Try it:
This exercise asks for an exact copy of the lines from the one containing "Atlético Rosario Central" through the final line of the material, with pictures omitted.

Source data:
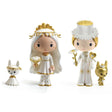 Tinyly Figurines - Marguerite & Leopold
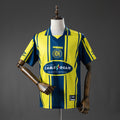 Atlético Rosario Central Principal Retrô Camisa 98/99
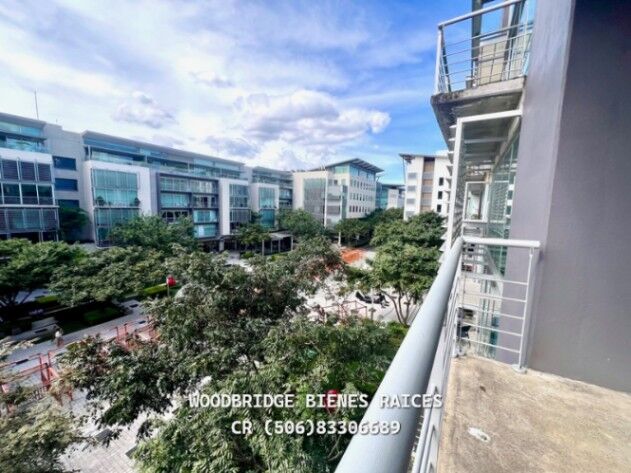 Escazu Avenida Escazu apartamento alquiler $2.900 o venta /2 dormitorios in San Rafael, Escazú, San José — $2,900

Result of this exercise:
 Atlético Rosario Central Principal Retrô Camisa 98/99
 Escazu Avenida Escazu apartamento alquiler $2.900 o venta /2 dormitorios in San Rafael, Escazú, San José — $2,900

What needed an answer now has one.